Quickstart

Prerequisites

Before you begin, ensure you have the following installed:

Android Studio Hedgehog (2023.1.1) or newer
JDK 11 or higher
Android SDK with API level 24 or higher
An Android device or emulator running Android 7.0 (API 24) or higher

The app requires the RECORD_AUDIO permission. Make sure your device or emulator has microphone access enabled.

Installation

Clone the repository

Clone the project to your local machine:

terminal

git clone <repository-url>
cd voice-to-text-android

Open in Android Studio

Open Android Studio and select “Open an existing project”. Navigate to the cloned directory and click “OK”.

Android Studio will automatically start syncing Gradle files. This may take a few minutes on the first run.

Sync Gradle

Wait for Gradle to sync all dependencies.

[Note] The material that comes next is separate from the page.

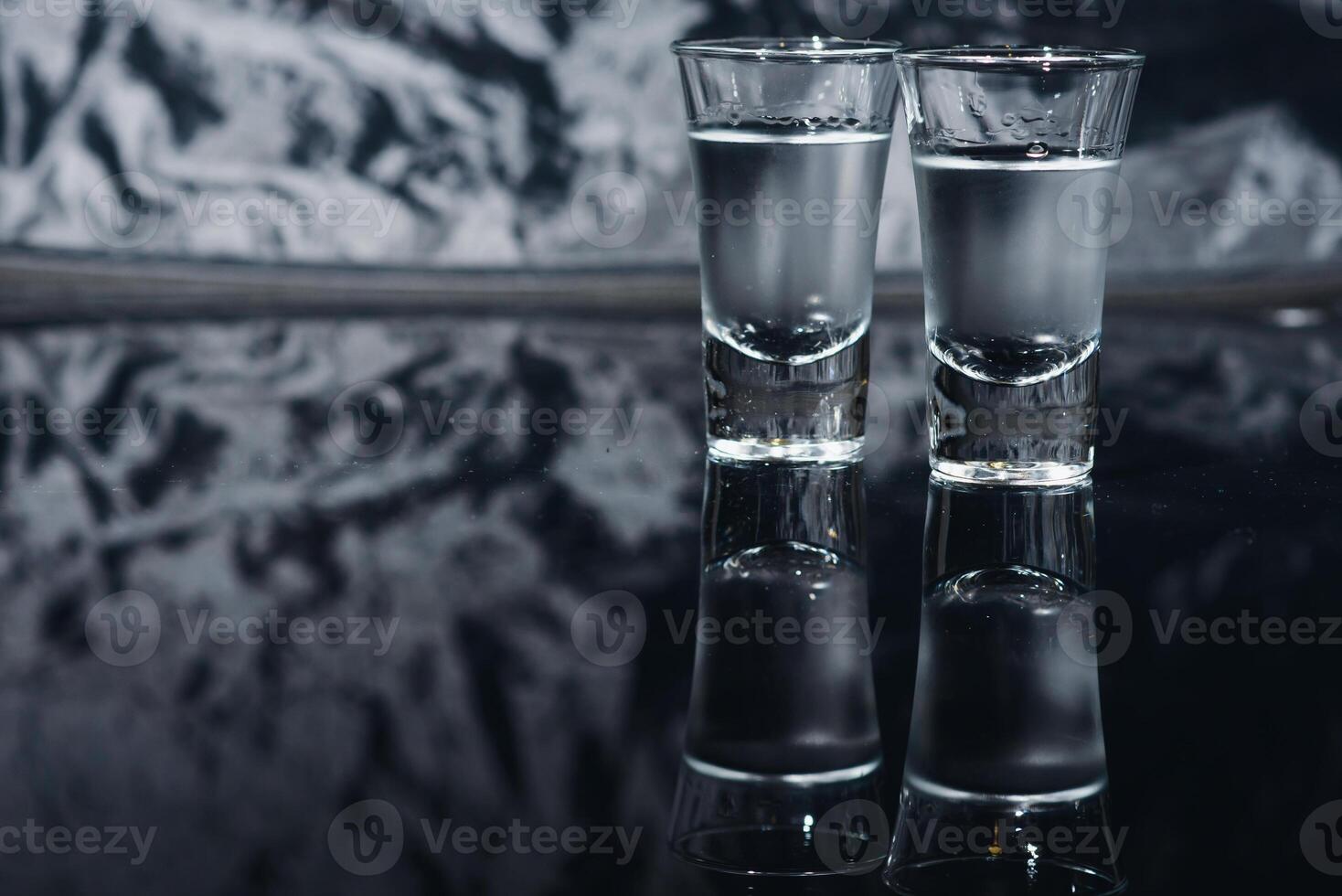 Close-up view of bottle of vodka with glasses standing on ice on black. photo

The app uses standard AndroidX libraries:

dependencies

implementation(libs.androidx.core.ktx)
implementation(libs.androidx.lifecycle.runtime.ktx)
implementation(libs.androidx.activity.compose)
implementation(platform(libs.androidx.compose.bom))
implementation(libs.androidx.material3)

Configure device or emulator

Set up your target device:For physical device:

Enable Developer Options and USB debugging
Connect your device via USB
Verify the device appears in Android Studio’s device dropdown

For emulator:

Open AVD Manager in Android Studio
Create a new virtual device with API 24 or higher
Ensure the emulator has microphone access enabled in settings

Run the app

Click the Run button (green play icon) or press Shift + F10. Android Studio will build and install the app on your selected device.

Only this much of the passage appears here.